WHAT IS REQUIRED:
Using the entries below, restate word for word only the lines from the one with "Martingale Camo Beige" to the final line, leaving the pictures out.

(Records excerpted from a collection)
■ ■ ■ ■ ■ ■ ■

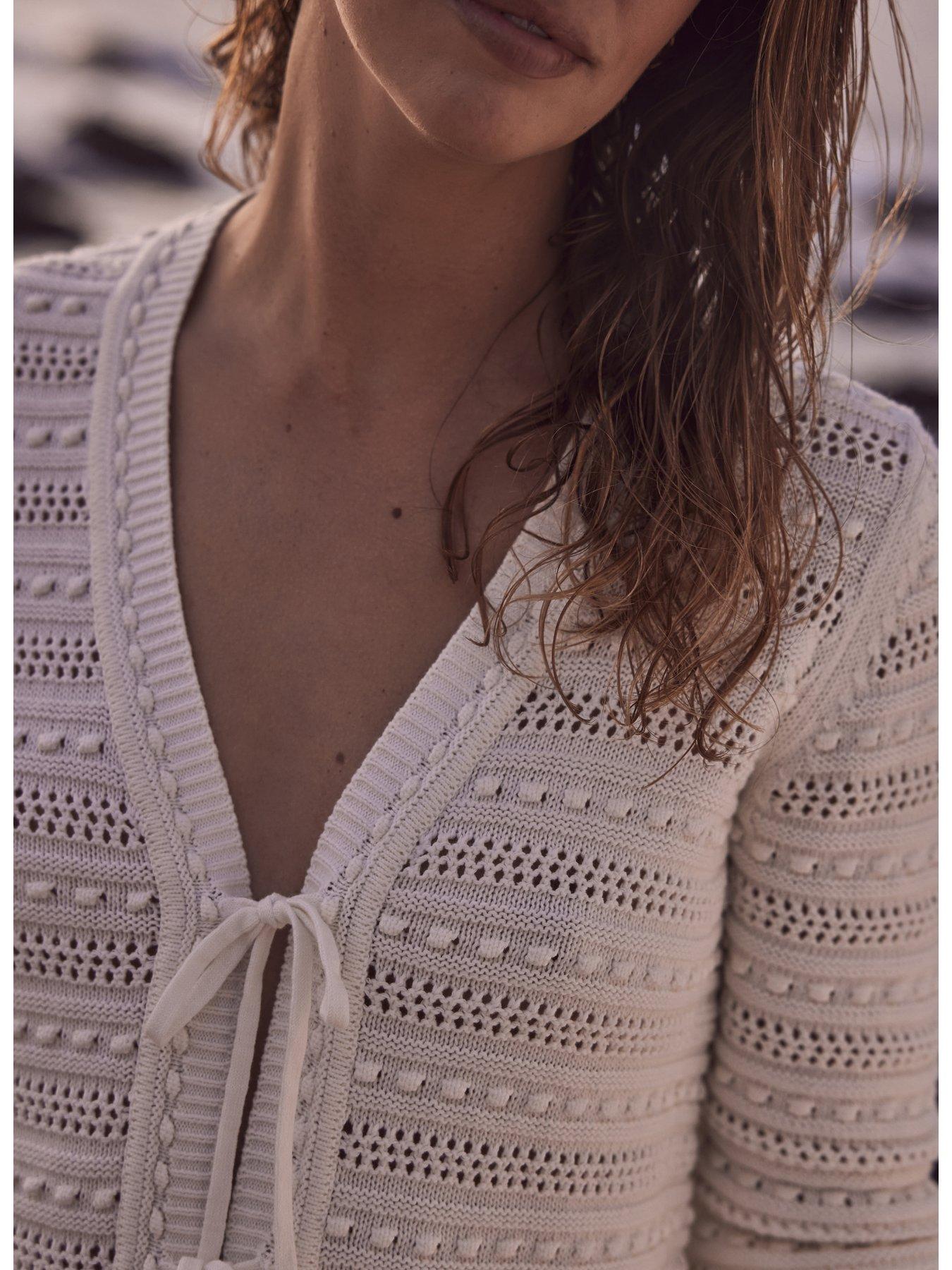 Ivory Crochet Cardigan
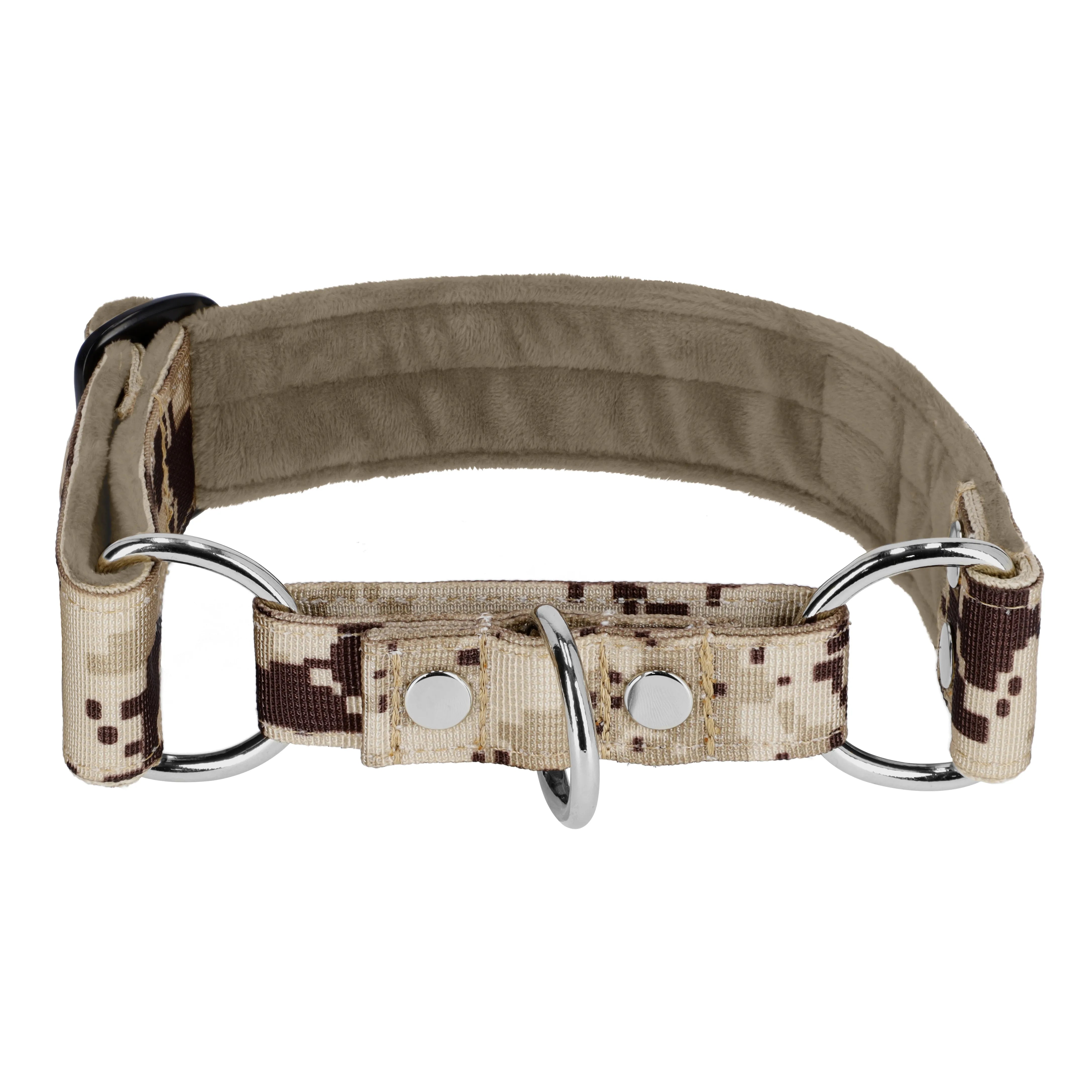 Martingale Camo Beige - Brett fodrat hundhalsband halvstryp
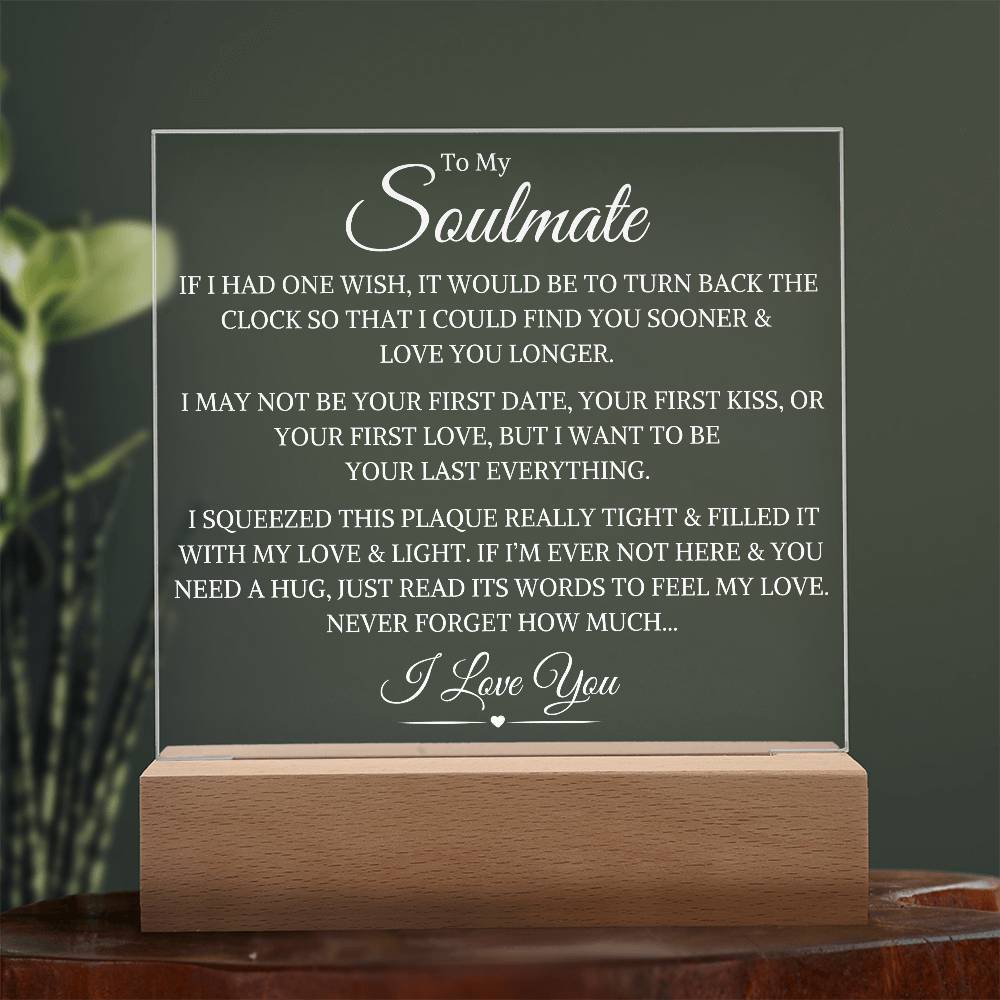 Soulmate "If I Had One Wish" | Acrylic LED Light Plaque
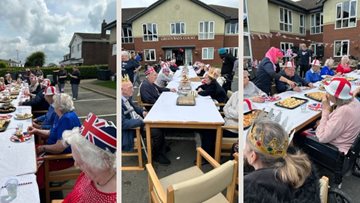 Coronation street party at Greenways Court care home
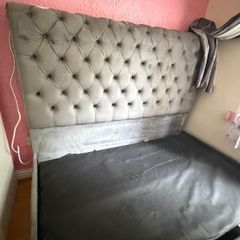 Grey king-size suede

■ ■ ■ ■ ■ ■ ■

ANSWER TO THE PROBLEM:
 Martingale Camo Beige - Brett fodrat hundhalsband halvstryp
 Soulmate "If I Had One Wish" | Acrylic LED Light Plaque
 Coronation street party at Greenways Court care home
 Grey king-size suede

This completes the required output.